Problem description:
Each line from the one containing "Highland Village Museum" through the last line of the data below should be printed exactly, please, with any pictures omitted.

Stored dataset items
━━━━━━
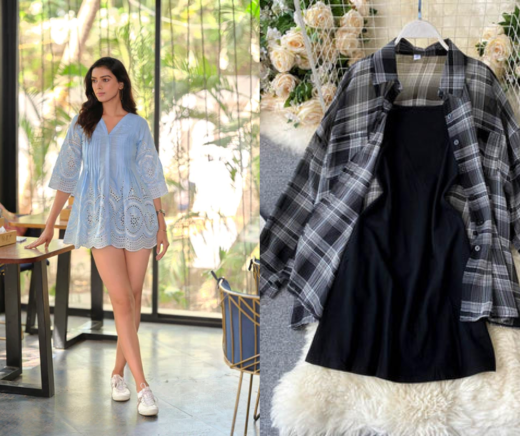 Outfit-Ideas-for-Brunch-With-Your-Girls We Shine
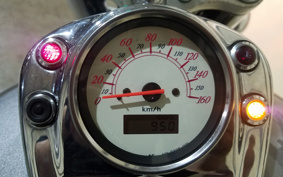 HONDA SHADOW400 2002 NC34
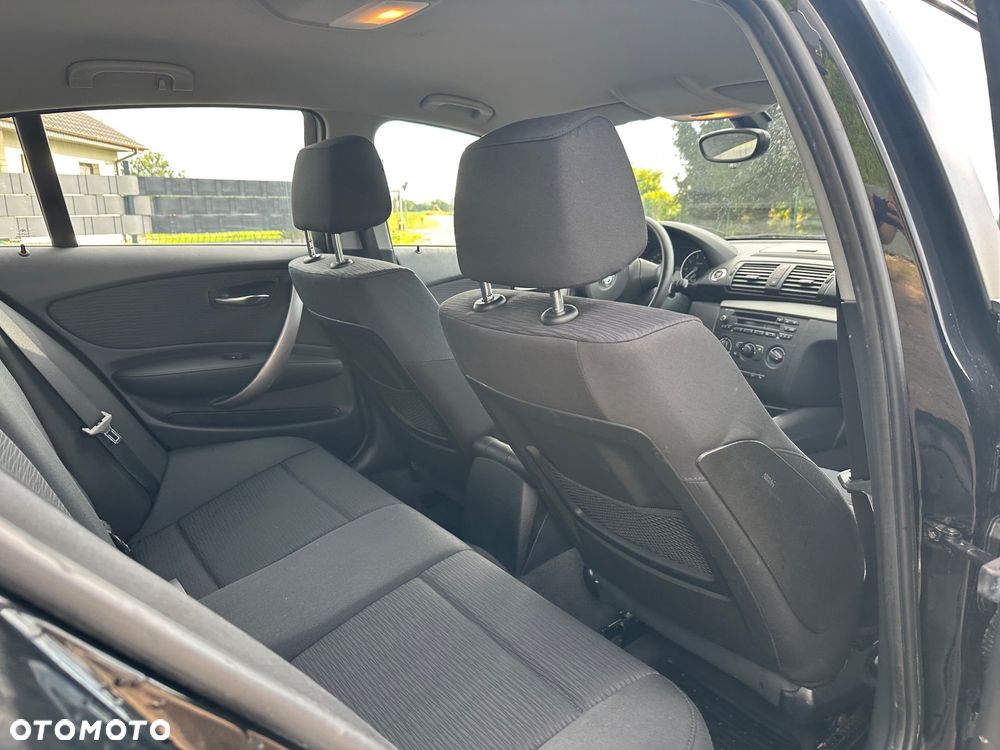 BMW Seria 1 116i Edition Lifestyle - 21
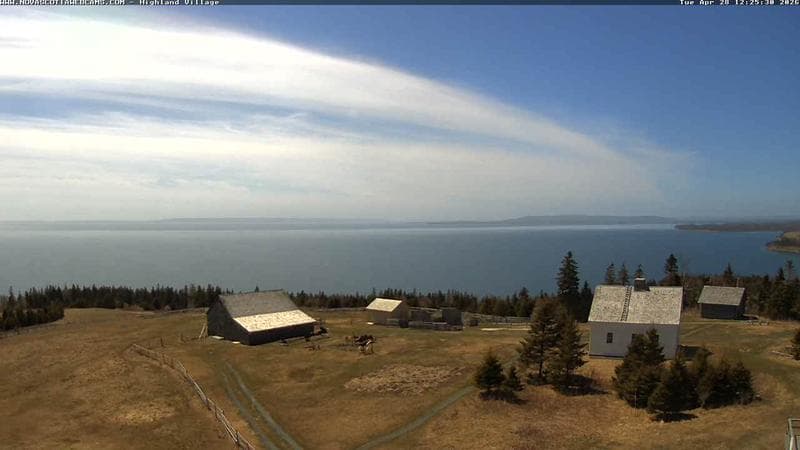 Highland Village Museum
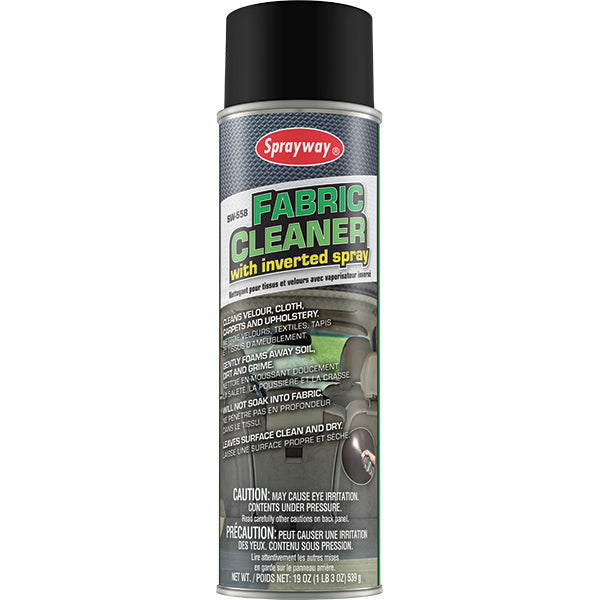 SPRAYWAY SW558 CLEANERS & DEGREASERS
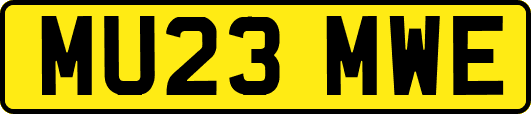 MU23MWE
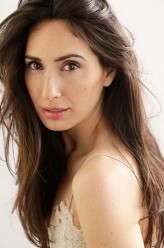 Julia Eringer fotoğrafı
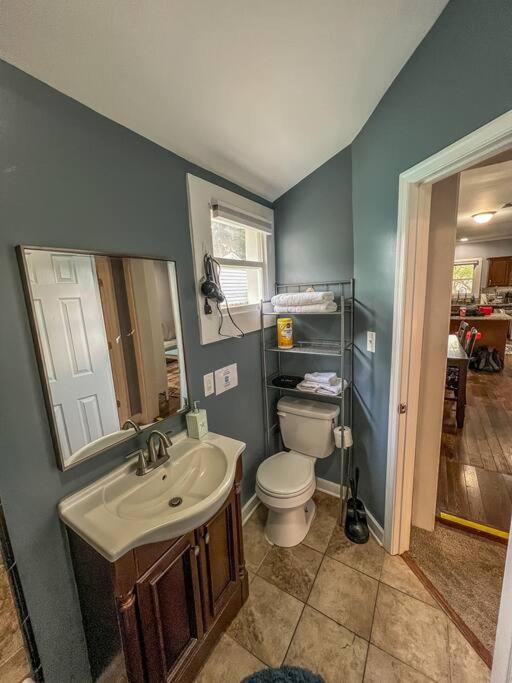 Historic Coastal Haven- Pet Friendly Fast Wi-Fi Villa Norfolk Exteriör bild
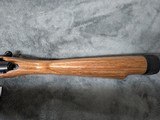 CZ / MATRIX GUNSMITHING 550 SAFARI MAGNUM IN .505 GIBBS IN EXCELLENT CONDITION - 15 of 20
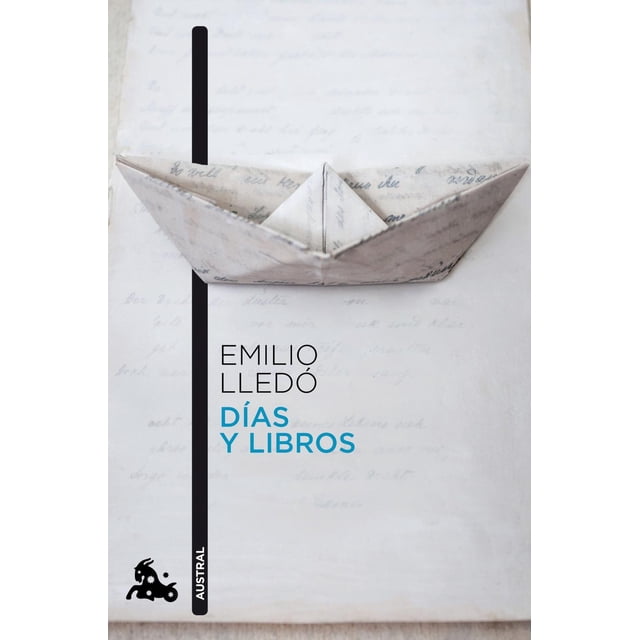 Días y libros Austral 9788408197164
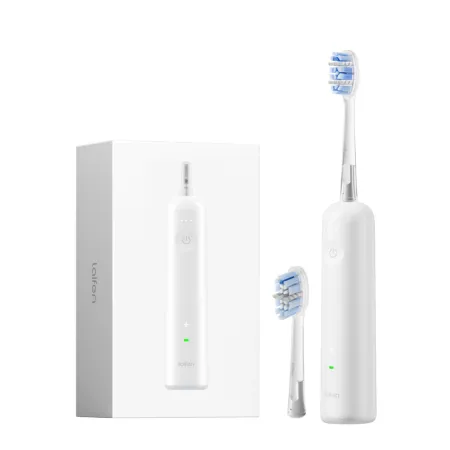 Електрична зубна щітка Laifen Wave Pro  (ABS)(White)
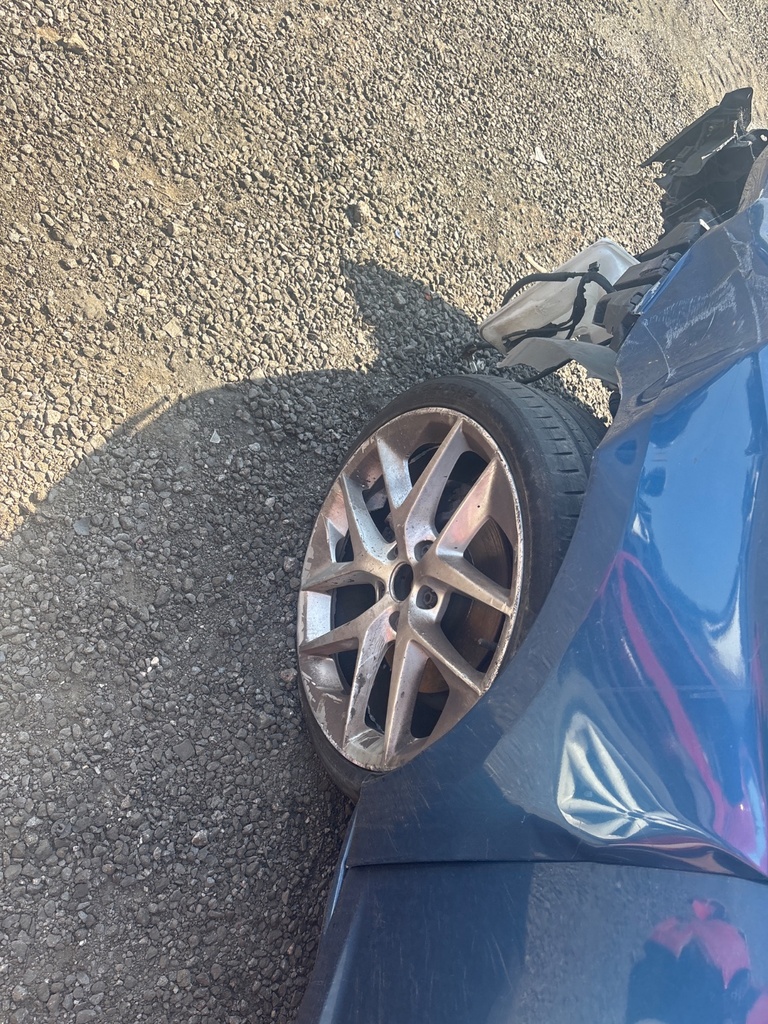 [EPE-120813] Llanta de aleación Seat Leon ST 2016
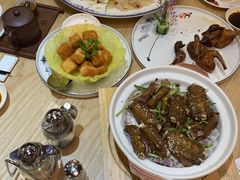 -德胜轩正宗顺德菜(宝安沙井会展中心店)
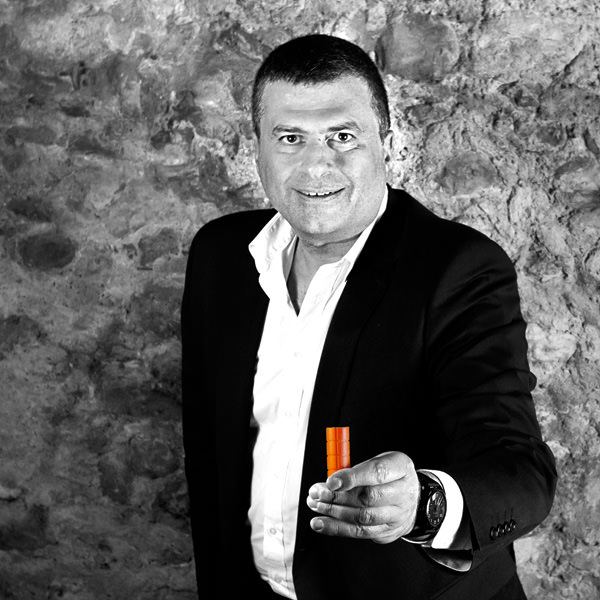 Laurent Katz
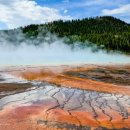 (주)투어메이트 | 옐로우스톤 3박4일, 대자연의 모든 것을 담은 소그룹 투어 솔직 후기!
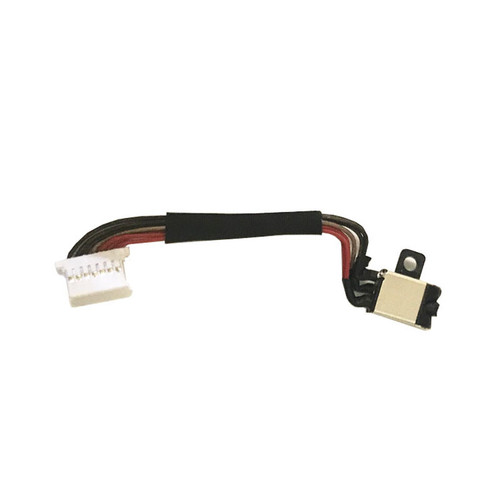 Jack nguồn Dell Vostro 13 5370 – Dây sạc zin, thay nhanh tại Vietitpro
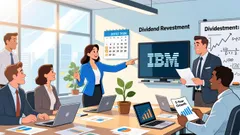 IBM's Compounding Power: A Five-Year Outperformance Analysis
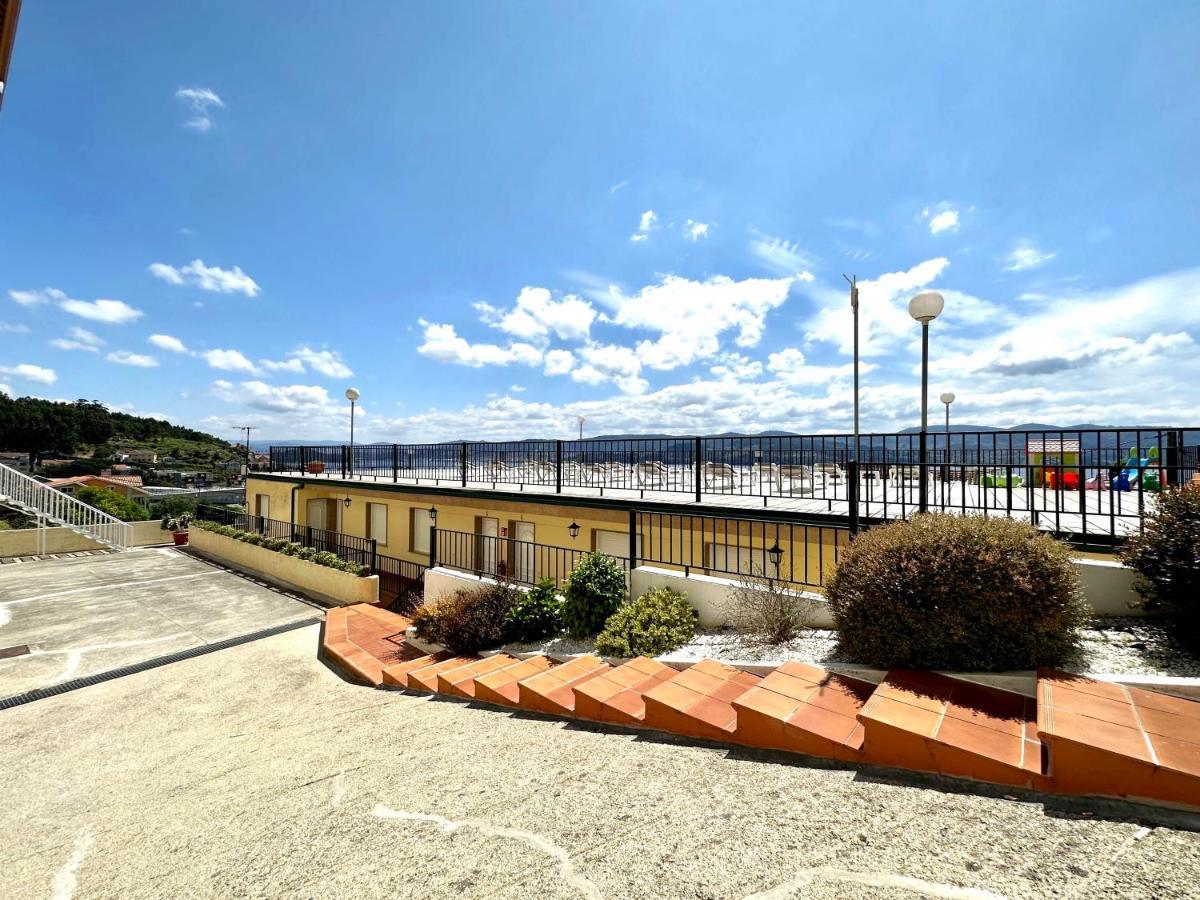 Apartamento Park *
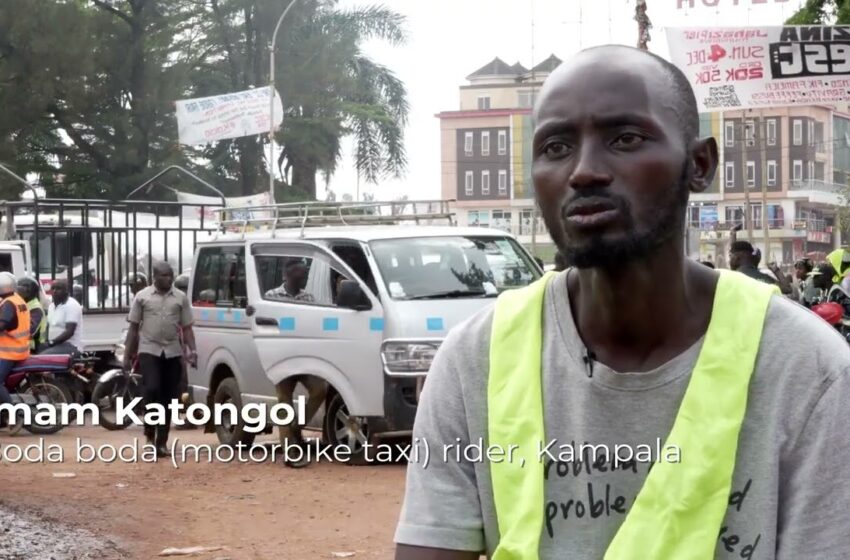  Ebola à Kampala : Un décès confirmé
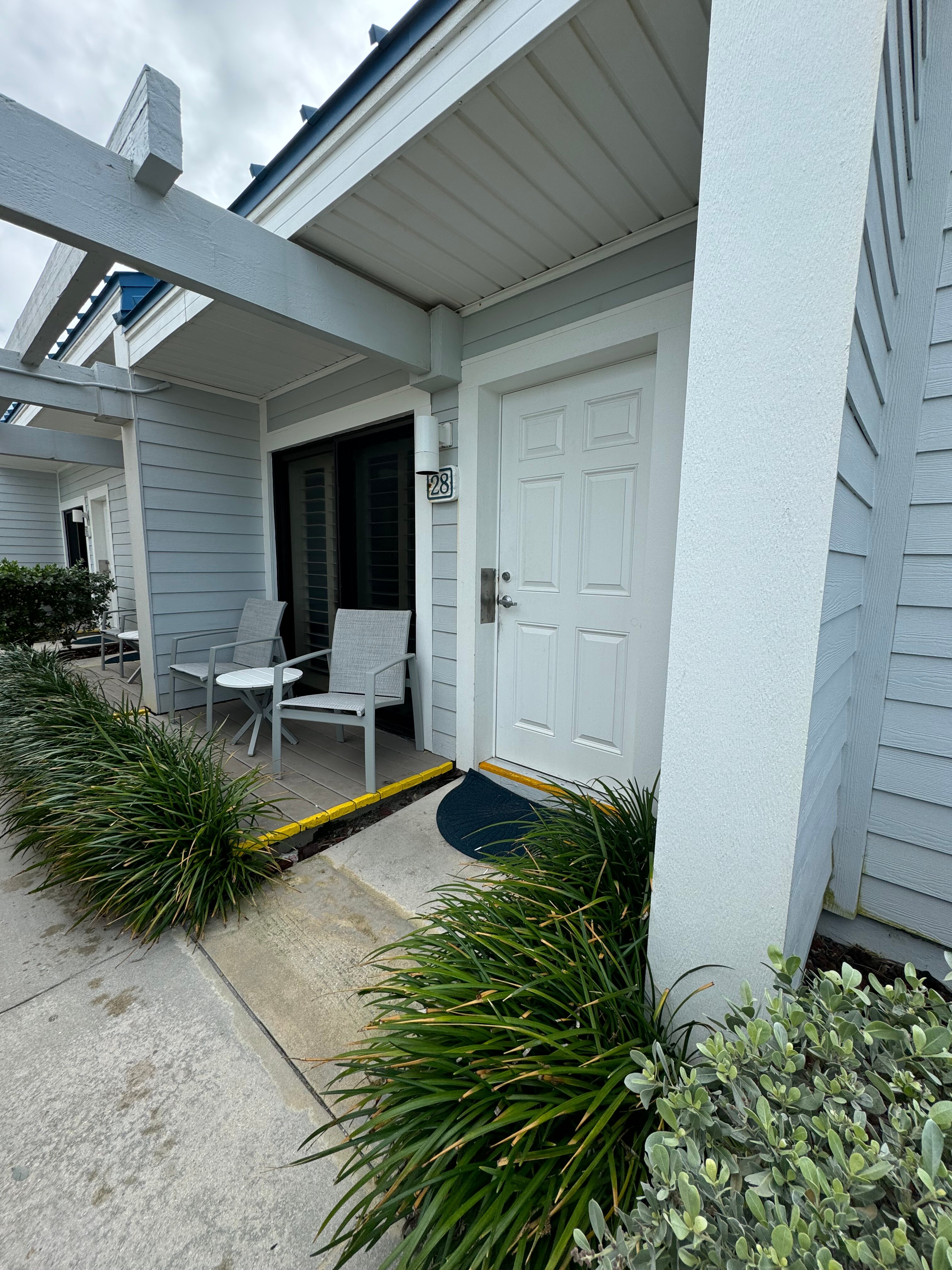 Jupiter Reef Club Resort-官方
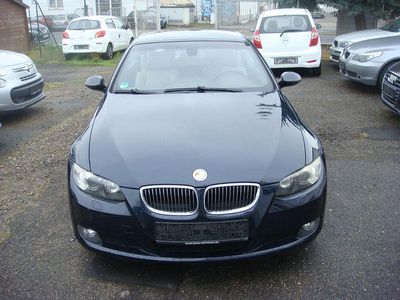 BMW 325 Cabriolet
━━━━━━
Solution to the problem:
 Highland Village Museum
 SPRAYWAY SW558 CLEANERS & DEGREASERS
 MU23MWE
 Julia Eringer fotoğrafı
 Historic Coastal Haven- Pet Friendly Fast Wi-Fi Villa Norfolk Exteriör bild
 CZ / MATRIX GUNSMITHING 550 SAFARI MAGNUM IN .505 GIBBS IN EXCELLENT CONDITION - 15 of 20
 Días y libros Austral 9788408197164
 Електрична зубна щітка Laifen Wave Pro  (ABS)(White)
 [EPE-120813] Llanta de aleación Seat Leon ST 2016
 -德胜轩正宗顺德菜(宝安沙井会展中心店)
 Laurent Katz
 (주)투어메이트 | 옐로우스톤 3박4일, 대자연의 모든 것을 담은 소그룹 투어 솔직 후기!
 Jack nguồn Dell Vostro 13 5370 – Dây sạc zin, thay nhanh tại Vietitpro
 IBM's Compounding Power: A Five-Year Outperformance Analysis
 Apartamento Park *
  Ebola à Kampala : Un décès confirmé
 Jupiter Reef Club Resort-官方
 BMW 325 Cabriolet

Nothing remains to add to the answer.